● WHAT TO DO: Pictures appear among the records below and must be omitted. Repeat exactly the lines from the line with "Maske Eldiven Ve" to the line with "Levně Obrázkové hry", both included.

● ENTRIES SHOWN:
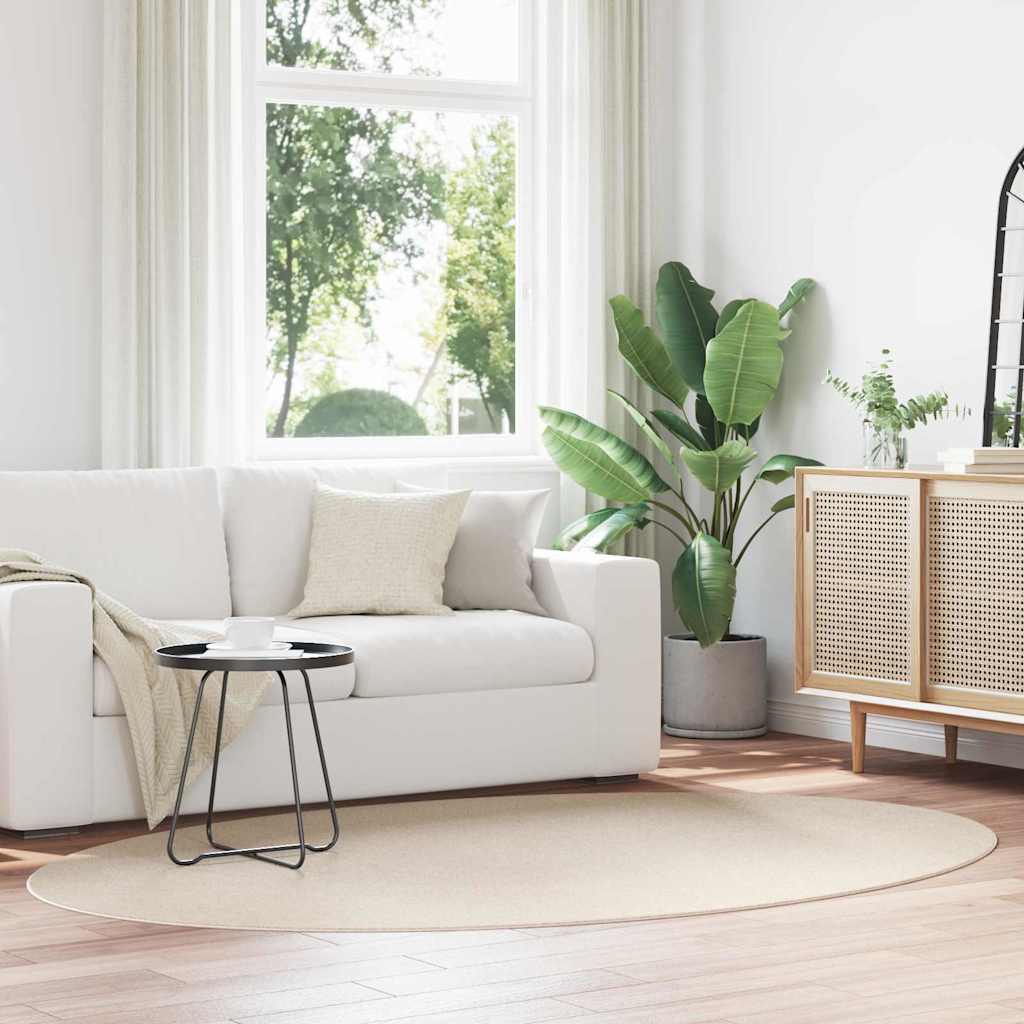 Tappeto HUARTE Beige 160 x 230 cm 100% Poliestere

==

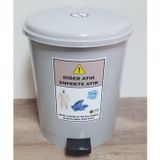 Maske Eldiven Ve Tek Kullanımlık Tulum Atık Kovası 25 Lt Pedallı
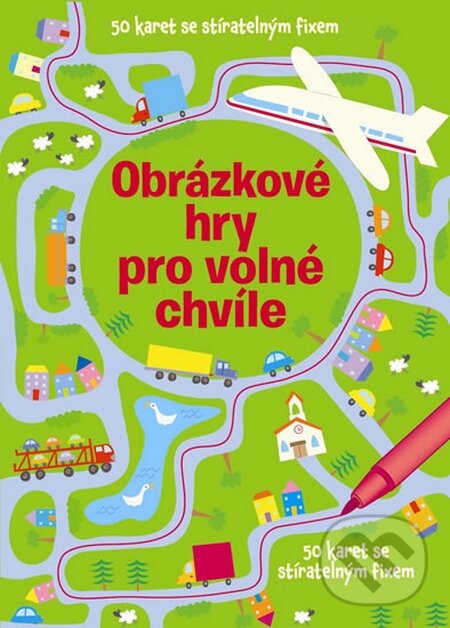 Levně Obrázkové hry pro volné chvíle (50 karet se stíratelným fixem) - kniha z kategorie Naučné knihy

...

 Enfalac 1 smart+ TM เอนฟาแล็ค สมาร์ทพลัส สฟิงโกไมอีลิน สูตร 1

● PROBLEM SOLUTION:
 Maske Eldiven Ve Tek Kullanımlık Tulum Atık Kovası 25 Lt Pedallı
 Levně Obrázkové hry pro volné chvíle (50 karet se stíratelným fixem) - kniha z kategorie Naučné knihy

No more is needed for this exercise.